Black-body radiation has the unique absolutely stable distribution of radiative intensity that can persist in thermodynamic equilibrium in a cavity.

In equilibrium, for each frequency the total intensity of radiation that is emitted and reflected from a body (that is, the net amount of radiation leaving its surface, called the spectral radiance) is determined solely by the equilibrium temperature, and does not depend upon the shape, material or structure of the body. For a black body (a perfect absorber) there is no reflected radiation, and so the spectral radiance is due entirely to emission. In addition, a black body is a diffuse emitter (its emission is independent of direction).
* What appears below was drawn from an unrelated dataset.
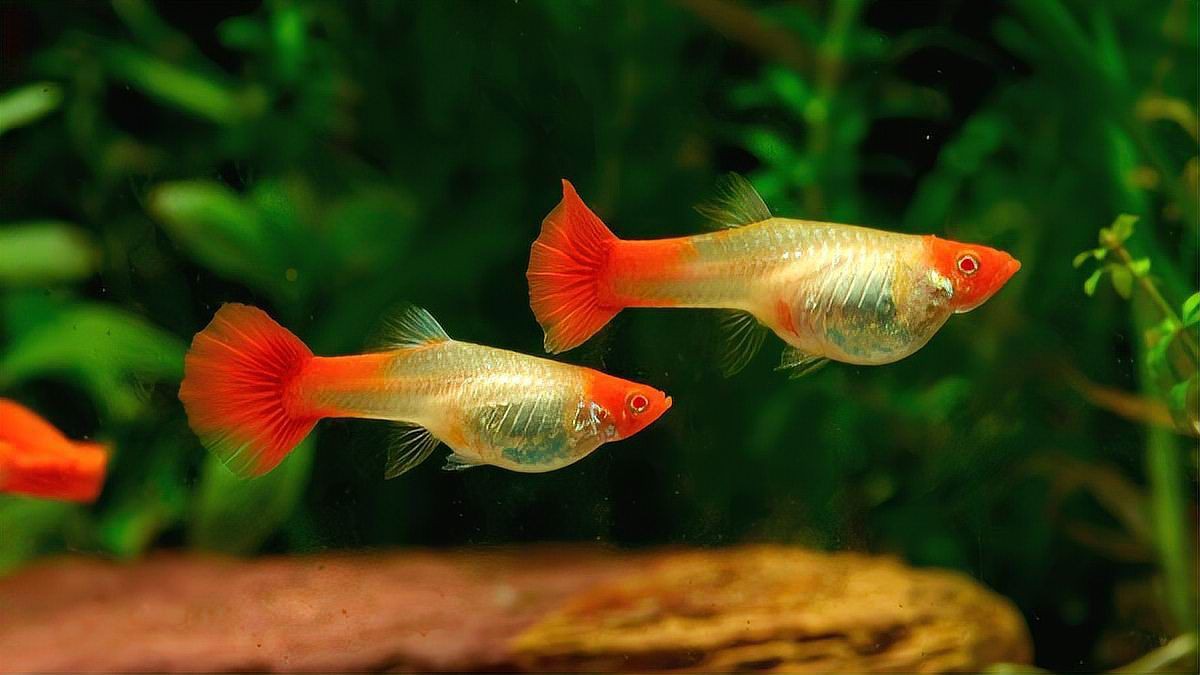 孔雀魚是陰氣最重的魚嗎，孔雀魚是“陰氣最重的魚”嗎？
Consequently, black-body radiation may be viewed as the radiation from a black body at thermal equilibrium.

Black-body radiation becomes a visible glow of light if the temperature of the object is high enough. The Draper point is the temperature at which all solids glow a dim red, about 798 K. At 1000 K, the opening in the oven looks red; at 6000 K, it looks white. No matter how the oven is constructed, or of what material, as long as it is built such that almost all light entering is absorbed, it will be a good approximation to a black-body, so the spectrum, and therefore color, of the light that comes out will be a function of the cavity temperature alone. A graph of the amount of energy inside the oven per unit volume and per unit frequency interval plotted versus frequency, is called the black-body curve. Different curves are obtained by varying the temperature.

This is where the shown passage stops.